Welcome onlything left is to join the TTOC www.ttoc.co.uk


----------



## malstt (Apr 18, 2007)

Welcome to the forum. 8)


----------



## Redscouse (Sep 30, 2008)

Congrats on your buy, and welcome to the forum


----------



## DONNAH84 (Jun 8, 2009)

Hi, 
No photos uploaded to computer yet, will have some soon, once car is all lovely clean and polished - thats my partners job cos I am just useless at cleaning cars ha ha

12 days to go


----------



## subvertbeats (May 28, 2009)

welcome, enjoy


----------



## jammyd (Oct 11, 2008)

Welcome all to the forum


----------



## michaelnkaren (Apr 7, 2009)

Thanks for the kind welcome from you all, i tell you what life can be so Gooood sometimes. The Audi garage as just phoned to say my new TT will posibly be ready this weekend (20th June) i feel like a little kid at christmas LOL

And to celebrate the new TT we have just booked a weeks break in Loch Lomond (Scotland) and it only has the best driving road in the UK as stated by Top Gear.

I will give you all my feedback on the A82 and of course Loch Lomond


----------



## forest (Mar 17, 2009)

Congratulations on your choice, I hope you enjoy top down motoring as often as possible. Welcome to the forum, I'm off up to the loch myself in August, fingers crossed for dry weather


----------



## michaelnkaren (Apr 7, 2009)

> Not a new one 5 months old, 58 reg 09 Audi TT Roadster 2.0 T. FSI, 3600 miles in black,18 inch 10 Spoke Bi-Coloured Finished Alloys, 3 Spoke Multifunction Steering Wheel, 6 speed manual gearbox, acoustic parking control, Adaptive Lighting System, Cat 1Alarm, Anti-Lock Brakes, Body Coloured Bumpers, Centre Console, Climate Control, Cruise control, Driver Information System, Driver Passenger And Side Air Bags, Driver/Passenger Seat Height Adjustment, Electric Heated/Folding Door Mirrors, Extended Leather Package, Fine Nappa Leather interior, Front Armrest, Front Electric Windows, Front Fog Lights, GSM Phone Preparation, Heated front seats, Immobiliser, Nine Speakers, One Seat - Front Seat - ISOFIX Anchorage Point, Spacesaver Spare Wheel, Tyre Pressure Control, Xenon Plus Headlights, Ipod Connection, 6 months tax and a full tank of fuel. £23,500


Hi Everyone, picked my TT up on the 27th from Exeter Audi, very pleased with the car can't wait to take it to Scotland. The only bad point for me was the 5 hour drive to Exeter Audi and the fact that the car did not have all the spec Audi had listed above!! NO Electric Folding Mirrors!! NO Spacesaver Spare Wheel!! NO Tyre Pressure Control. These excuse was they did not do the right ups on the cars and it was not down to them and offered me a £160 0ff. Which left me feeling a bit conned and after a 5 hour drive it made it very hard to walk away from the car. So i am very pleased with the car but not the Exeter Audi dealer.

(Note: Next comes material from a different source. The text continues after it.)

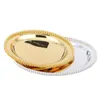 Geschirrteller Luxus silberne Gold Ladegerät Metallschale 25 cm 9 8 Runde Nusskuchen für Heim Weihnachten Dekoration 271i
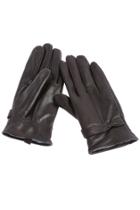 Romwe Faux Leather Gloves--brown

I am going to write to Audi UK and the Exeter dealership and when i get their replys i will post them for you all to read.


----------



## YELLOW_TT (Feb 25, 2004)

The mirrirs and tyre pressure system are options but non of the new TTs have a spare wheel (I bont think  )


----------



## Wallsendmag (Feb 12, 2004)

YELLOW_TT said:


> The mirrirs and tyre pressure system are options but non of the new TTs have a spare wheel (I bont think  )


Welcome  Hes correct no spare on the modern TT


----------